Toward Coastal Ocean Carbon Cycle Modeling in E3SM
While the land-ocean transition zone is dynamic, highly heterogeneous, and contains a diverse set of carbon sources and sinks, its role in the global carbon cycle, and how it will change in the future with increased anthropogenic pressures, is not complete. The Model for Prediction Across Scales - Ocean (MPAS-Ocean), the ocean component of the DOE's Energy Exascale Earth System Model (E3SM), with its regional refinement and marine carbon cycle capabilities, is uniquely suited to help identify its role. In this presentation, we will discuss how two different DOE program projects (SEAHORÇE and InteRFACE) are working towards a better representation of coastal carbon cycle dynamics in MPAS-Ocean and E3SM.

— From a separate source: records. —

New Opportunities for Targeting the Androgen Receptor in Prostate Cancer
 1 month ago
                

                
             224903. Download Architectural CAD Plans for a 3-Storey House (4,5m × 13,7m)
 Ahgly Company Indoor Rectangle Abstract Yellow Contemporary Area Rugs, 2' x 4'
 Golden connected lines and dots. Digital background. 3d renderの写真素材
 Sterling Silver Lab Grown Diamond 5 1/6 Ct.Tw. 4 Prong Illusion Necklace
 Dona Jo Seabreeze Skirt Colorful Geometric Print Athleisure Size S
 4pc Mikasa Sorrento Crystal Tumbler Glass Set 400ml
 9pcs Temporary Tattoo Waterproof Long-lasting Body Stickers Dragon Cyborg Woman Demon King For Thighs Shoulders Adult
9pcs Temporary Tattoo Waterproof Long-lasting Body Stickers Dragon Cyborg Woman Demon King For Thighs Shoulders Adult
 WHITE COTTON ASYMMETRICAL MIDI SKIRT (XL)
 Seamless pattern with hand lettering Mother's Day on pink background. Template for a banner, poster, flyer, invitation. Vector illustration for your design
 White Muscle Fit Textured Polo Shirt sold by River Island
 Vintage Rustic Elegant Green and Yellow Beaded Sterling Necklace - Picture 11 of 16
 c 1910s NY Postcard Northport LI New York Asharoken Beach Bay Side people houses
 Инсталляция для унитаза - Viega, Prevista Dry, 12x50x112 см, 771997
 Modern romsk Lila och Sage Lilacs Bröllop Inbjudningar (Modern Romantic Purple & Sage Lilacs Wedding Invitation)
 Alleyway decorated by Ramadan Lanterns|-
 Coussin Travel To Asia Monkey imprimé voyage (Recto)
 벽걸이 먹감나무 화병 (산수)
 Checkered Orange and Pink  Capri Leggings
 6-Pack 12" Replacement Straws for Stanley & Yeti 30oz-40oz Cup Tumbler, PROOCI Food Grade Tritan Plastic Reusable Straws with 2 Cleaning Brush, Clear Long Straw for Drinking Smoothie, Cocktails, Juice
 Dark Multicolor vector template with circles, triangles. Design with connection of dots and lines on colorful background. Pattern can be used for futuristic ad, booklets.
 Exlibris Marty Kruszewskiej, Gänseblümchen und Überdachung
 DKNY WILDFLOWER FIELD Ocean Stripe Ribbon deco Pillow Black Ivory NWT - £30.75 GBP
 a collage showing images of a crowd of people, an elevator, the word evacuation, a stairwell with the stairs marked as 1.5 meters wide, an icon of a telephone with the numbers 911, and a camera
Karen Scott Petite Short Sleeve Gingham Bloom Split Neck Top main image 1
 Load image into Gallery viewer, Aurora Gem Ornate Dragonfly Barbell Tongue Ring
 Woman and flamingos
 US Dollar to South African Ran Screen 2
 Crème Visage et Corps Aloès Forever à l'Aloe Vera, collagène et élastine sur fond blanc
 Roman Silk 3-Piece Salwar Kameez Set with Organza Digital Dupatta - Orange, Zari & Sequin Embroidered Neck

As a part of the Study for Exascale Advances in a High-resolution Ocean using ROMS Coupled to E3SM (SEAHORÇE) project, we are working on assessing E3SM and MPAS-Ocean's representation of the complex circulation of shallow shelves and ocean-shelf exchange (eg. submesoscale processes and river plume dynamics) around the Continental US as the minimum resolution in the regional refinement zones is pushed to kilometer scales. The transport and fate of coastally sourced carbon tracers are examined in this framework.
Within the Interdisciplinary Research for Arctic Coastal Environments (InteRFACE) project, high-fidelity large eddy simulations are being used to better understand and parameterize in E3SM and MPAS-Ocean the role wave-ice interactions and ice floe distributions play in light penetration and phytoplankton blooms in the coastal and open-ocean Arctic. These results have implications for the export of coastally sourced carbon off-shelf and into the deep ocean.